Problem ::
In the listing below, locate the line with "Skyscrapers of New" and the line with "SCAUN DINING K276", then output both and everything between them exactly, minus any pictures.

Data provided ::
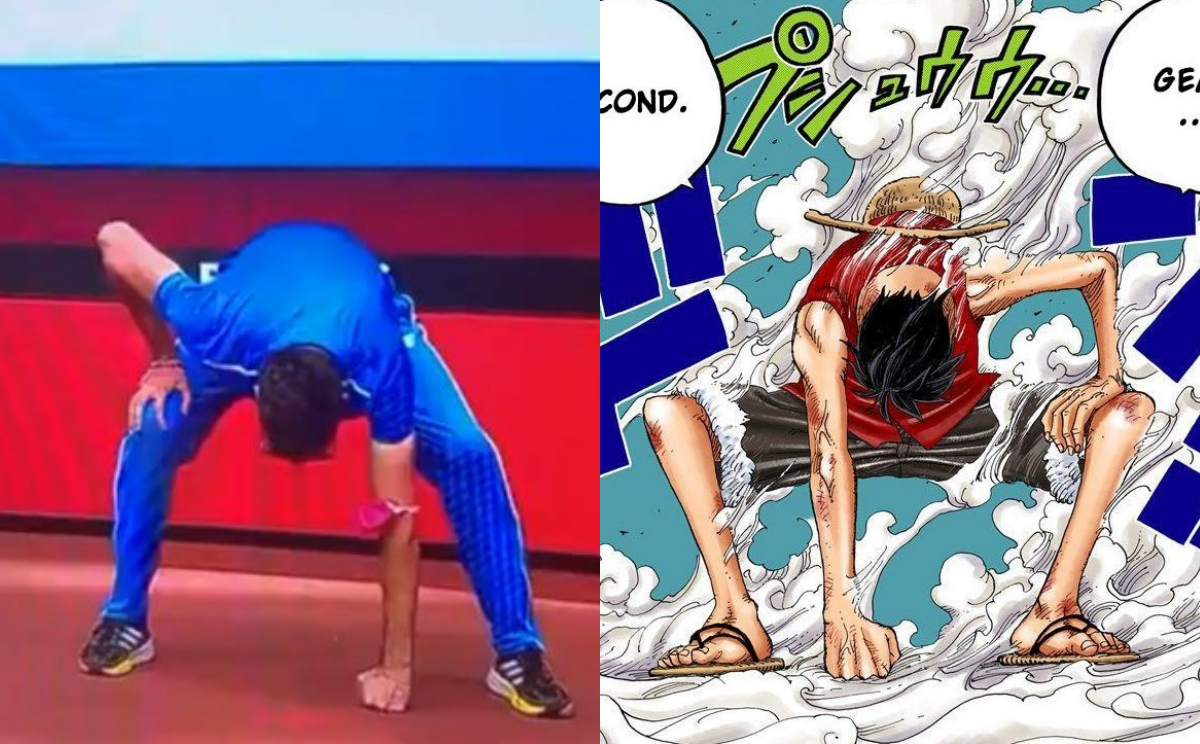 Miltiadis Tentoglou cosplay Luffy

* * *

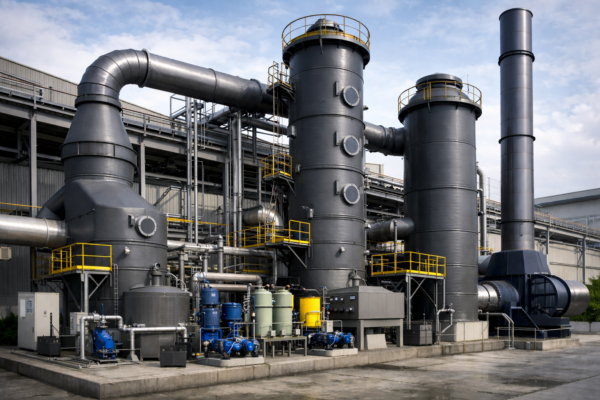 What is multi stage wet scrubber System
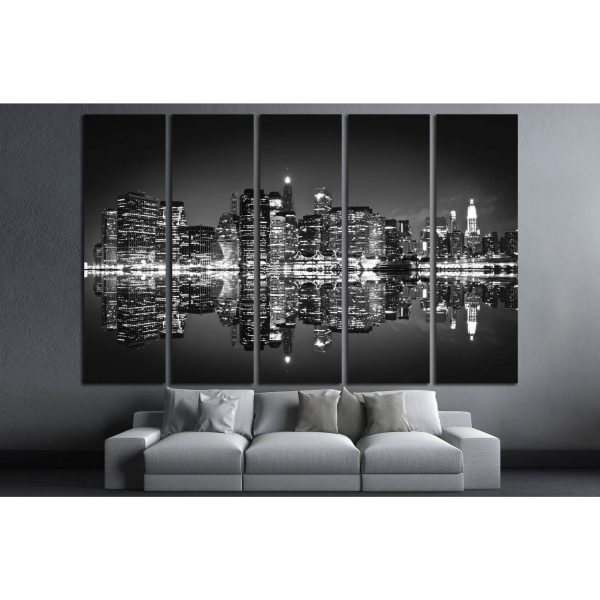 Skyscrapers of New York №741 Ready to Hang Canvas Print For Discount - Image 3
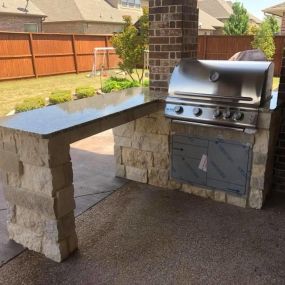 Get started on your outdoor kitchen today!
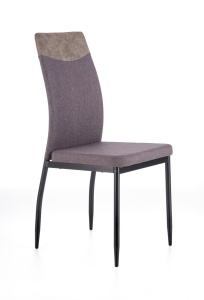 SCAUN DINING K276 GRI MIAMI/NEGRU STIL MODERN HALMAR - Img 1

Response to this exercise ::
 Skyscrapers of New York №741 Ready to Hang Canvas Print For Discount - Image 3
 Get started on your outdoor kitchen today!
 SCAUN DINING K276 GRI MIAMI/NEGRU STIL MODERN HALMAR - Img 1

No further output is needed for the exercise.